|Sleepy John Estes|
|John Adams Estes|
January 25, 1899 or 1900|
Ripley, Tennessee, United States
June 5, 1977 (aged 77-78)|
Brownsville, Tennessee, United States
|Genres||Country blues, blues|
Estes was born in Ripley, Lauderdale County, Tennessee, either in 1899 (the date on his gravestone) or 1900 (the date on his World War I draft card). In 1915, his father, a sharecropper who played guitar, moved the family to Brownsville, Tennessee. Not long after, Estes lost the sight in his right eye when a friend threw a rock at him. At the age of 19, while working as a field hand, he began to perform professionally, mostly at parties and picnics, with the accompaniment of Hammie Nixon, a harmonica player, and James "Yank" Rachell, a guitarist and mandolin player. Estes continued to work on and off with both musicians for more than fifty years. He also performed in medicine shows with Willie Newbern.
At the suggestion of Jim Jackson, Estes made his debut as a recording artist in Memphis, Tennessee, in 1929, at a session organized by Ralph Peer for Victor Records. He recorded the tracks "Drop Down Mama" and "Someday Baby Blues" with Nixon in 1935. He later worked with Son Bonds and Charlie Pickett. He later recorded for Decca Records and Bluebird Records, with his last prewar recording session taking place in 1941. He made a brief return to recording at Sun Studio in Memphis in 1952, recording "Runnin' Around" and "Rats in My Kitchen", but otherwise was out of the public eye in the 1940s and 1950s.
Estes sang with a distinctive "crying" vocal style. He frequently teamed with more capable musicians, like Yank Rachell, Hammie Nixon, and the piano player Jab Jones. Estes sounded so much like an old man, even on his early records, that blues revivalists reportedly delayed looking for him because they assumed he would have to be long dead (and because the musician Big Bill Broonzy had written that he was dead). By the time he was tracked down by the blues historians Bob Koester and Samuel Charters in 1962, he was completely blind and living in poverty. He resumed touring with Nixon and recording for Delmark Records. His later records are generally considered less interesting than his prewar output. Estes, Nixon and Rachell appeared at the Newport Folk Festival in 1964.
Many of Estes's original songs were based on events in his life or people he knew in his hometown, Brownsville, such as the local lawyer ("Lawyer Clark Blues"), the local auto mechanic ("Vassie Williams' Blues"), or an amorously inclined teenage girl ("Little Laura Blues").
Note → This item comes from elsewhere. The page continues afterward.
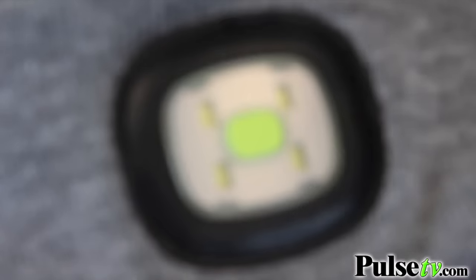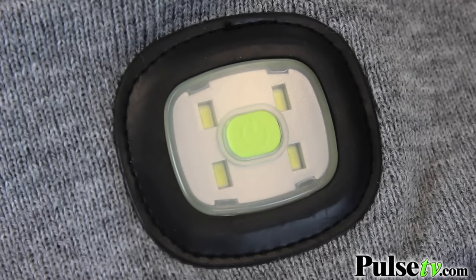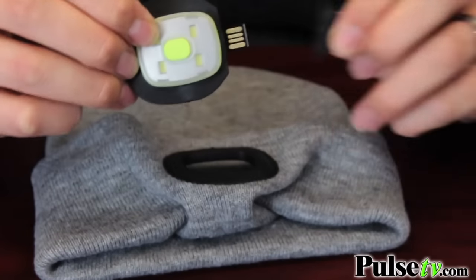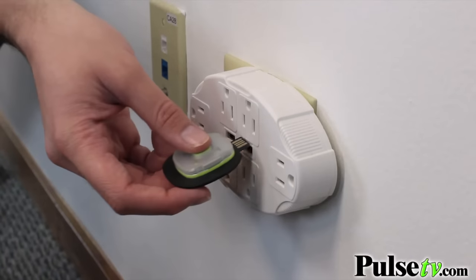Now we've seen a lot of these LED beanies out on the market, but a lot of them use regular LEDs. This is actually an SMD and it's much brighter than a lot of those cheaper ones out there. The one thing you can't do with those cheaper ones is pop the flashlight out. This is actually rechargeable — you can put this in your wall adapter or your computer to charge it up and it'll last for over four hours.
In "Lawyer Clark Blues", about the lawyer and later judge and senator Hugh L. Clarke, whose family lived in Brownsville, Estes sang that Clark let him "off the hook" for an offense.
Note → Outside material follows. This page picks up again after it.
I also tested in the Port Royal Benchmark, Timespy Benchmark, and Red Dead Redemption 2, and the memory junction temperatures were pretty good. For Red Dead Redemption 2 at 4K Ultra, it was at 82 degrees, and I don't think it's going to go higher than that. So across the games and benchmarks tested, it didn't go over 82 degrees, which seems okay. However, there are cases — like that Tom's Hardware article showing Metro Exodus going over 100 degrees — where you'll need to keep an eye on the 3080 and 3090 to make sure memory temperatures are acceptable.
He also dispensed advice on agricultural matters ("Working Man Blues") and chronicled his own attempt to reach a recording studio for a session by hopping a freight train ("Special Agent [Railroad Police Blues]"). His lyrics combined keen observation with an ability to turn an effective phrase.
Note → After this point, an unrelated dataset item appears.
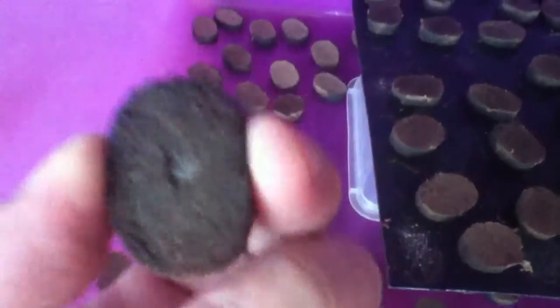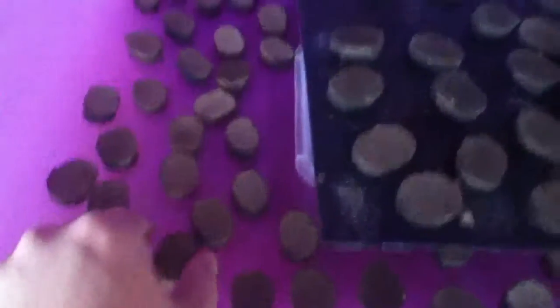All dry. I mixed them up yesterday and pressed them out.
Some accounts attribute the nickname Sleepy to a blood pressure disorder or narcolepsy. Bob Koester, the founder of Delmark Records, said that Estes simply had a "tendency to withdraw from his surroundings into drowsiness whenever life was too cruel or too boring to warrant full attention".
Estes suffered a stroke while preparing for a European tour and died on June 5, 1977, at his home of 17 years in Brownsville, Haywood County, Tennessee. He is buried at Elam Baptist Church Cemetery in Durhamville, Lauderdale County, Tennessee.
His grave marker reads:
Sleepy John Estes
".. ain't goin' to worry Poor John's mind anymore"
John Adam Estes
Jan. 25, 1899
June 5, 1977
Guitarist - Songwriter - Poet
The epitaph ".. ain't goin' to worry Poor John's mind anymore" is derived from his song "Someday Baby Blues." "I Ain't Gonna Be Worried No More" was recorded in 1935, and in his song "Drop Down Mama", also recorded in 1935, Estes referred to himself as "Poor John". His grave is located off a country road and at the far end of the cemetery, adjacent to a small grove of trees, secluded but not hidden.